Andrea Galvani / The participatory universe

Andrea Galvani on his multidisciplinary practice, rigorous research and his current monumental solo show at the Mattatoio in Rome, in conversation with Maria Abramenko.

How and when did you decide to become an artist?

Being an artist is a commitment that you renew every day of your life. It’s a call that gravitationally pulls you simultaneously inward and outward. There is a growing biological need: the need to know, compare, observe, expand, and evolve. It’s an ongoing, cyclical, and relentless process of learning, discovery, experimentation, struggle, grit, failure, and success. Professionally speaking, I began my career in the late ‘90s, progressively gathering momentum. I moved to the United States in the early 2000s, receiving recognition and support for projects that became exponentially more ambitious. I grew my international practice, opened a second studio in Mexico City in 2013, and never stopped.

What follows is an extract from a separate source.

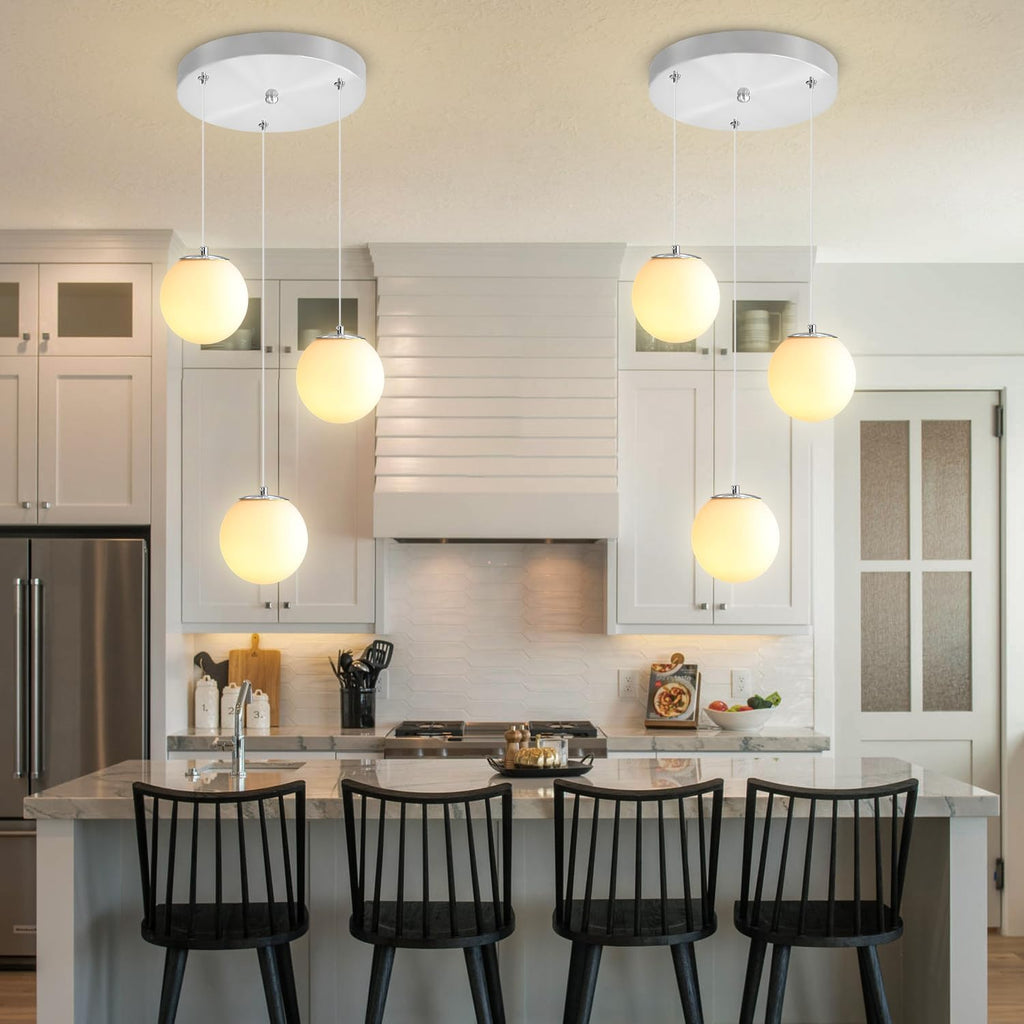 ykolupty 3-Light Globe Pendant Light for Kitchen Island Silver Pendant Light Fixtures with White Glass Globe Hanging Lights for Bedroom,Hallway,Bar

Your research seems to encompass a number of diverse fields of study, like philosophy and mathematics, politics and science, history and geography, among others. What inspires you to engage in so many different disciplines?

I’m interested in the innate desire, the unstoppable drive human beings have to journey into the invisible dimension, the unknown: to collect data, synthesise information, attain knowledge, and create meaning; the socio-political context that catalyses events; the natural phenomena and geological capsule that constitute the environment where everything happens. American physicist and philosopher John Wheeler (1911-2008) introduced the idea of a “participatory universe”—that existence emerges as an articulation of the connection between cognition and reality. We are not external observers, we are part of that which we seek to understand. Many of my recent projects emerged from this idea of the relationship between human intelligence and universal consciousness, as an intrinsic and necessary part of natural processes.

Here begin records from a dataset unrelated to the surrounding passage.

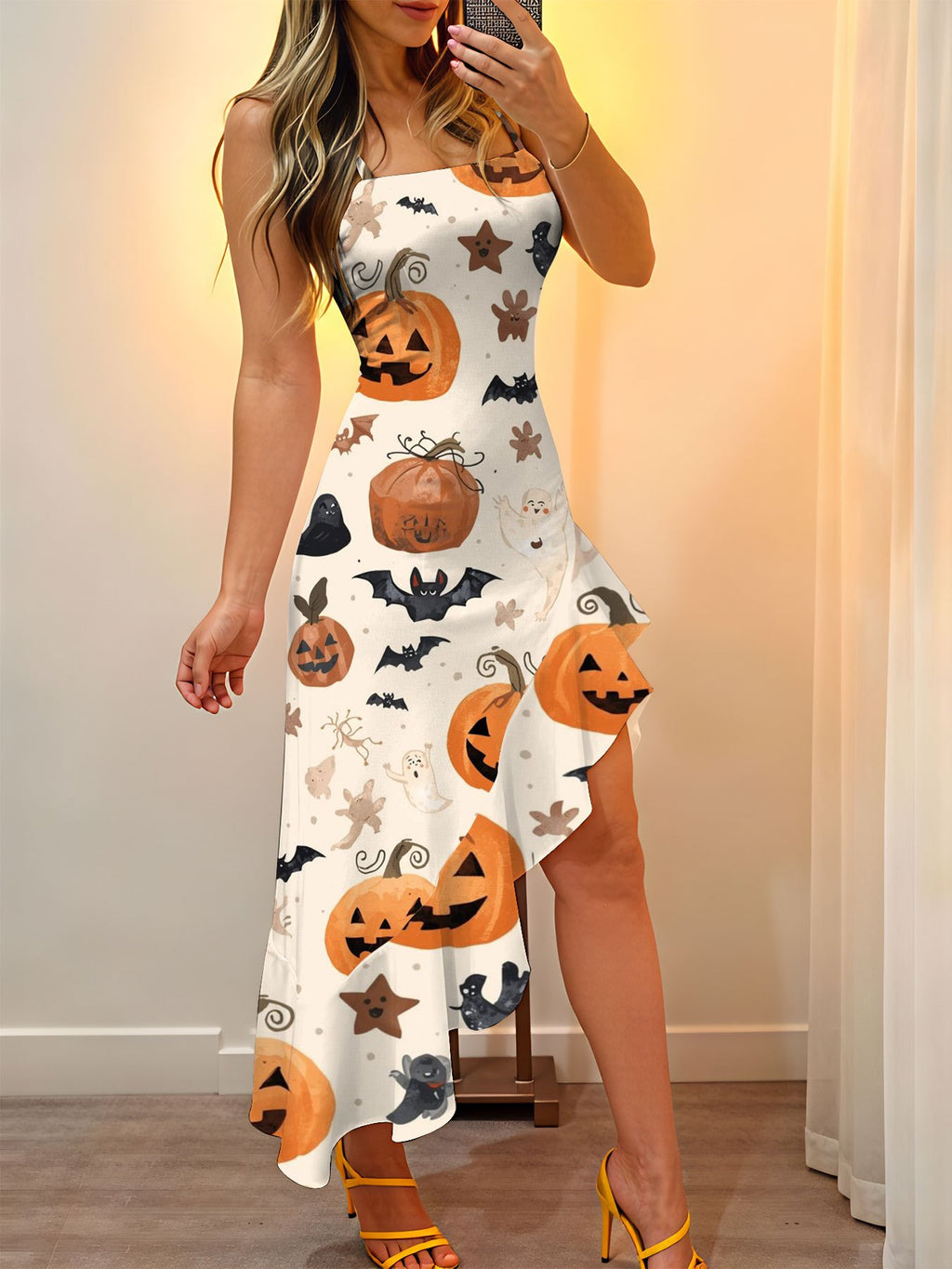 Women'S Sleeveless Halloween Pumpkin Bat Ghost Print Backless Ruffled Hem Fitted A-Line Dress, Fitted High Slit Long Formal Cocktail Party Gown, Ruffled High Waist Low Hem Wedding Guest Long Beach Dress
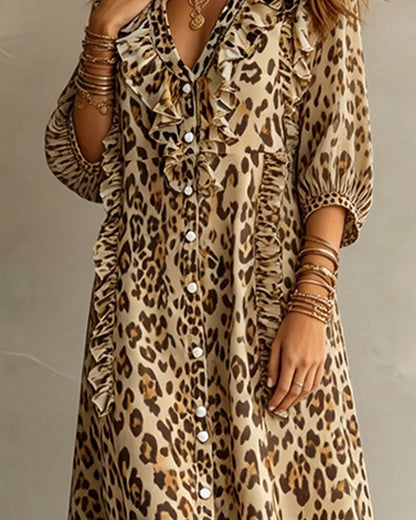 Leopard Print Ruffle Hem Maxi Dress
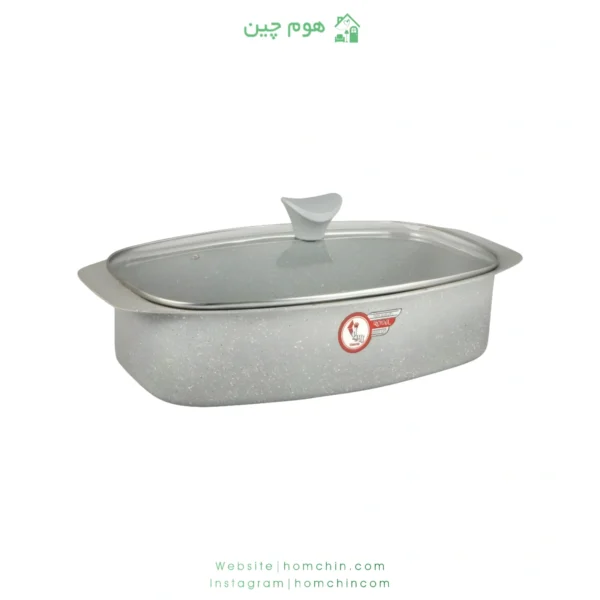 تابه مرغ خوری 38 رویال دو رو گرانیت مدل فونیکس درب پیرکس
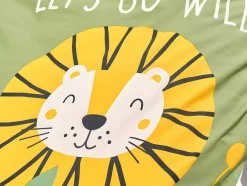 Dekbedovertrek Voor Kinderen Van Katoen 57 Draden /Cm - Dekbedhoes 140 X 200 Cm + 1 Kussensloop 63 X 63 Cm - Junglemotief - Junglia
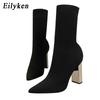 Eilyken Women Fetish Stretch Sock Boots Metal Block High Heels 9.5cm Short Ankle Boots Chunky Stripper Shoes Mujer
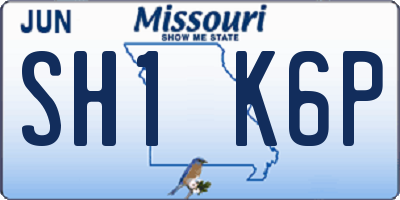 MO license plate SH1K6P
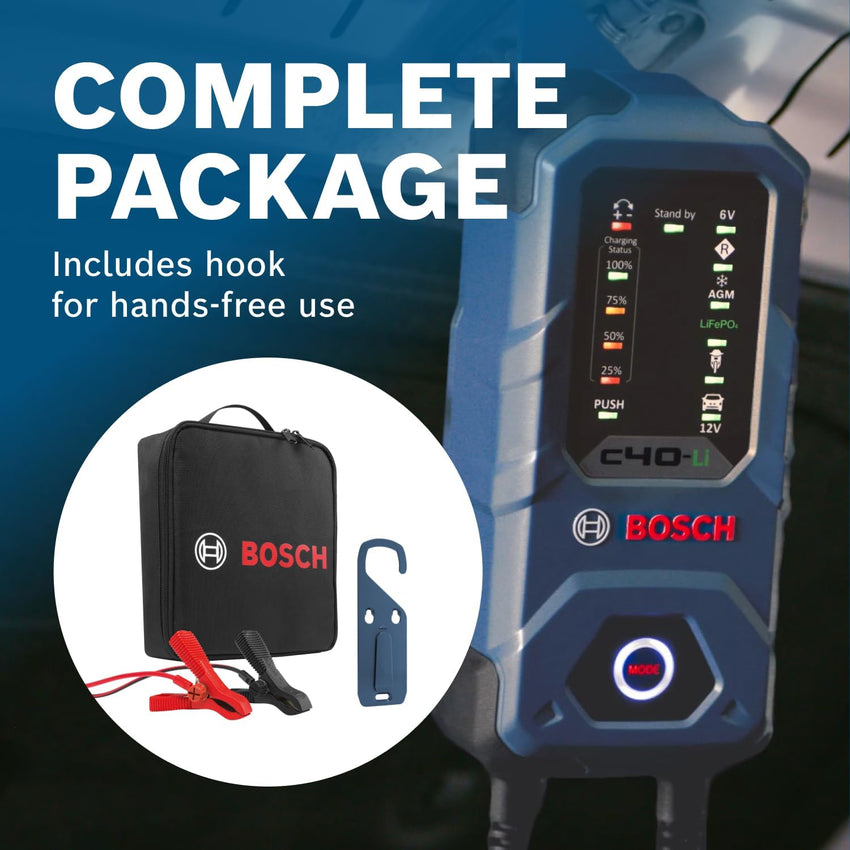 Bosch C40-Li Battery Charger 5A Trickle For 6/12V Lead-acid & LiFePO4 UK Plug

Your most unforgettable exhibition: where, when, and why?

Each exhibition gives birth to the next exhibition. Like a Russian doll, one contains countless more within. They’re all special and unforgettable in their own way. Though separate and distinct, they bleed into one another—a series of autonomous parts that ultimately coalesce as a cohesive conceptual whole. Each exhibition contributes to the construction of a growing personal alphabet, opening new questions and bringing me new answers.

Can you talk about your project currently on view at the Mattatoio in Rome? How did you conceive and orchestrate such a monumental and complex show during this difficult time?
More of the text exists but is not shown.